Methods: We reanalyzed 1496 WGS using a PrecisionFDA Truth challenge winner method Sentieon DNAscope. Single nucleotide variants (SNV) and small insertions/deletions (INDEL) were benchmarked. We also analyzed pharmacogenomic (PGx) drug-associated alleles, and copy number variants (CNV). Multiple practicing clinicians reviewed and curated the clinically significant variants. Variant annotations can be browsed at TaiwanGenomes (https://genomes.tw).

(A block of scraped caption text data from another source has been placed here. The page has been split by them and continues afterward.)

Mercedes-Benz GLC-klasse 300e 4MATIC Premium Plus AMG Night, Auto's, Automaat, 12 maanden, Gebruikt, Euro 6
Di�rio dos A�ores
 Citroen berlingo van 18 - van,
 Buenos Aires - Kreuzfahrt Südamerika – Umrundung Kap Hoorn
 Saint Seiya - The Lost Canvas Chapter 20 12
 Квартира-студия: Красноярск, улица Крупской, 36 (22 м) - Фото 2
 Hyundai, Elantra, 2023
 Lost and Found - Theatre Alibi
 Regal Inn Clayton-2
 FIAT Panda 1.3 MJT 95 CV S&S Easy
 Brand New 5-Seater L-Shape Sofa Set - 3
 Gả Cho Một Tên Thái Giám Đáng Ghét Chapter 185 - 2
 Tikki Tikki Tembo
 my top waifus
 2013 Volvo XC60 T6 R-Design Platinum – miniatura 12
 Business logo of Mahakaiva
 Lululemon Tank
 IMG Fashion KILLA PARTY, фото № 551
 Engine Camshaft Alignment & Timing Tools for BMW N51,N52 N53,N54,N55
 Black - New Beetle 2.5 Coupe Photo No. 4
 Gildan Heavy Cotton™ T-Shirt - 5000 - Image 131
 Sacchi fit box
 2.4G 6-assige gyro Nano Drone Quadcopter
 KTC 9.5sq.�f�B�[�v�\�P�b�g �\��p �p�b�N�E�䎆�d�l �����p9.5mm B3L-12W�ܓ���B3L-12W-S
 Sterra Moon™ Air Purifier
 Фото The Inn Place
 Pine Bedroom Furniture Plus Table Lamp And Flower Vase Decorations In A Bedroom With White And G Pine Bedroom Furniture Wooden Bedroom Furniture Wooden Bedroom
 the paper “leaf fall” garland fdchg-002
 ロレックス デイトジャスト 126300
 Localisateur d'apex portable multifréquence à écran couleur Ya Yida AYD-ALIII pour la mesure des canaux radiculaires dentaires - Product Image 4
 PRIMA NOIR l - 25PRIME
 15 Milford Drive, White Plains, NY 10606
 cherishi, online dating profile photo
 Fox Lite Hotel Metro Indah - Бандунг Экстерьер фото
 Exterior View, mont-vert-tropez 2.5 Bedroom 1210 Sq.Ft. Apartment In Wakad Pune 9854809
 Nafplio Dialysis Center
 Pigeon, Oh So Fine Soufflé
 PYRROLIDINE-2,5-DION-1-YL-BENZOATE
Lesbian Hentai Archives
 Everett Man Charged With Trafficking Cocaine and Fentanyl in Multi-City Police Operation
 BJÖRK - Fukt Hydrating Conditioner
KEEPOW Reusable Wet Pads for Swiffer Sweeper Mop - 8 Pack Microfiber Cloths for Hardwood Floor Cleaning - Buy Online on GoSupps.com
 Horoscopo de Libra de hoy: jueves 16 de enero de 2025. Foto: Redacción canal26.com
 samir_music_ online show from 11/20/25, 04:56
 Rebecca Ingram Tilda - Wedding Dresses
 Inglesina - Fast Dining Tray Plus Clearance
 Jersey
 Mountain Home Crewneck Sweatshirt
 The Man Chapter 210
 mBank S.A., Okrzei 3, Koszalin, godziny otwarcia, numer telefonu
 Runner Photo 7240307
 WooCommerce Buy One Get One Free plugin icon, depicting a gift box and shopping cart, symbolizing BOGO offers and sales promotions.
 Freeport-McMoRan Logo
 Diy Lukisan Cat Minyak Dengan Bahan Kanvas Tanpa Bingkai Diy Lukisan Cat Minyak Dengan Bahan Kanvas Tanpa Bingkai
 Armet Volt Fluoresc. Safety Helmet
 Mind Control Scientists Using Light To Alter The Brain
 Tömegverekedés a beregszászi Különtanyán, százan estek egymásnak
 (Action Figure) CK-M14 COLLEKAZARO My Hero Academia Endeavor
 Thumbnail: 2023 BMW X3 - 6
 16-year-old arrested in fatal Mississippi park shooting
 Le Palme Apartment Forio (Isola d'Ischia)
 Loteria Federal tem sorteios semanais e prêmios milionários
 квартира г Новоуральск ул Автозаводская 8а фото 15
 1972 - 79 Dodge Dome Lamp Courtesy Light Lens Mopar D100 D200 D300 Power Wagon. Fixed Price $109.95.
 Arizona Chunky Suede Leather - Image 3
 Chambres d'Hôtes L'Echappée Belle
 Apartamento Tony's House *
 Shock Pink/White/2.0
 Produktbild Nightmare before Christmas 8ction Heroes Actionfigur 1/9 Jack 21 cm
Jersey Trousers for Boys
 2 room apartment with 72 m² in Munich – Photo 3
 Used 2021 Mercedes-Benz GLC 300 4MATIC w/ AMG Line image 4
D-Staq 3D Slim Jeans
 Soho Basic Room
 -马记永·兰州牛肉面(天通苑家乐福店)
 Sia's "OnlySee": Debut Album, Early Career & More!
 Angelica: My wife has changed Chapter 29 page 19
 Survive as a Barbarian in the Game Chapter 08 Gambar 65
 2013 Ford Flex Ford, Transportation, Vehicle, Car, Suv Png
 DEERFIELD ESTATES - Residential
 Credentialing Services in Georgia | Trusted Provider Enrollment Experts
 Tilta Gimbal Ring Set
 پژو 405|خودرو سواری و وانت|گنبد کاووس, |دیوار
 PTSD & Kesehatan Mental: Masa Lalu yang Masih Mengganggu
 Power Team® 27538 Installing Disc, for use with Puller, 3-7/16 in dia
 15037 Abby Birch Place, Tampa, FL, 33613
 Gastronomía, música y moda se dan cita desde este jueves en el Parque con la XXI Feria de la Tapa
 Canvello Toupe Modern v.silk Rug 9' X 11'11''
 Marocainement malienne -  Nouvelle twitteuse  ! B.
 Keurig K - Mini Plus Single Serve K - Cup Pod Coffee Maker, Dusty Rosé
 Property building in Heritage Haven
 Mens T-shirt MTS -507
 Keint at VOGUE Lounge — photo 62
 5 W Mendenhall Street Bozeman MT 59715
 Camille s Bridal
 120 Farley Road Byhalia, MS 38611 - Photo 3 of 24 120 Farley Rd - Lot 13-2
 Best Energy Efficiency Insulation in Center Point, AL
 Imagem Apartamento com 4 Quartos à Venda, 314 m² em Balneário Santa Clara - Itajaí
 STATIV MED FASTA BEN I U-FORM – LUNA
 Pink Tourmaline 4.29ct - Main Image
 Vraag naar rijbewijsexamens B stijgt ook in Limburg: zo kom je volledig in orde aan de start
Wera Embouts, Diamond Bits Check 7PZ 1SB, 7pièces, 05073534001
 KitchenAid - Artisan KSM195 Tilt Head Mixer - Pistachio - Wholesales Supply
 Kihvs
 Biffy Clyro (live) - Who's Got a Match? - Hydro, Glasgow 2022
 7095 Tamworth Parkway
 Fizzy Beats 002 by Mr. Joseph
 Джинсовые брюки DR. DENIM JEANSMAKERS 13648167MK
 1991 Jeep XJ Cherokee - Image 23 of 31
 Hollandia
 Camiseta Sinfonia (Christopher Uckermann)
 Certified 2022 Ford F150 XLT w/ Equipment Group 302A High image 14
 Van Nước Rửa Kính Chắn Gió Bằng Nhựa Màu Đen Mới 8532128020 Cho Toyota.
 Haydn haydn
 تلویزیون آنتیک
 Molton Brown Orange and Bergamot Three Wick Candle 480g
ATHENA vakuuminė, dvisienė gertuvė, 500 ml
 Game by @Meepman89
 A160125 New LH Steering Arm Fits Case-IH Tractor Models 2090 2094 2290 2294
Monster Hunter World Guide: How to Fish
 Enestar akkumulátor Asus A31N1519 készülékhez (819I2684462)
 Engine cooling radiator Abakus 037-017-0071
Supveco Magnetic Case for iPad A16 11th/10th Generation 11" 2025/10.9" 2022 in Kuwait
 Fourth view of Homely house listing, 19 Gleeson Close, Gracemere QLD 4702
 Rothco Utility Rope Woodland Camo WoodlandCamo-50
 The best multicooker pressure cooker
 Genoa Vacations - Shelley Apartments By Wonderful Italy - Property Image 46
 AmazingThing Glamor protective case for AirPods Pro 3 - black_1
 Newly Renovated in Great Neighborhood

Results: We found that each participant had an average of 6,870.7 globally novel variants and 75.3% (831/1103) of the participants harbored at least one PharmGKB-selected high evidence level human leukocyte antigen (HLA) risk allele. 54 PharmGKB-reported high-level instances of evidence of Cytochrome P450 variant-drug pairs, with a population frequency of over 13.2%. We also identified 23 variants in the ACMG secondary finding V3 gene list from 25 participants, suggesting that 1.67% (25/1496) of the population is harboring at least one medical actionable variant. Our carrier status analyses suggest that one in 25 couples (3.94%) would risk having offspring with at least one pathogenic variant, which is in line with rates found in Japan and Singapore. For pathogenic CNV, we detected 6.88% and 2.02% carrier rates for alpha thalassemia and spinal muscular atrophy, respectively.

Conclusion: Our study highlights the overall medical insights of a complete Taiwanese genomic profile.

Keywords: ACMG secondary finding V3 gene list; Carrier rates; Population allele frequency; Taiwan Biobank; Whole genome sequence.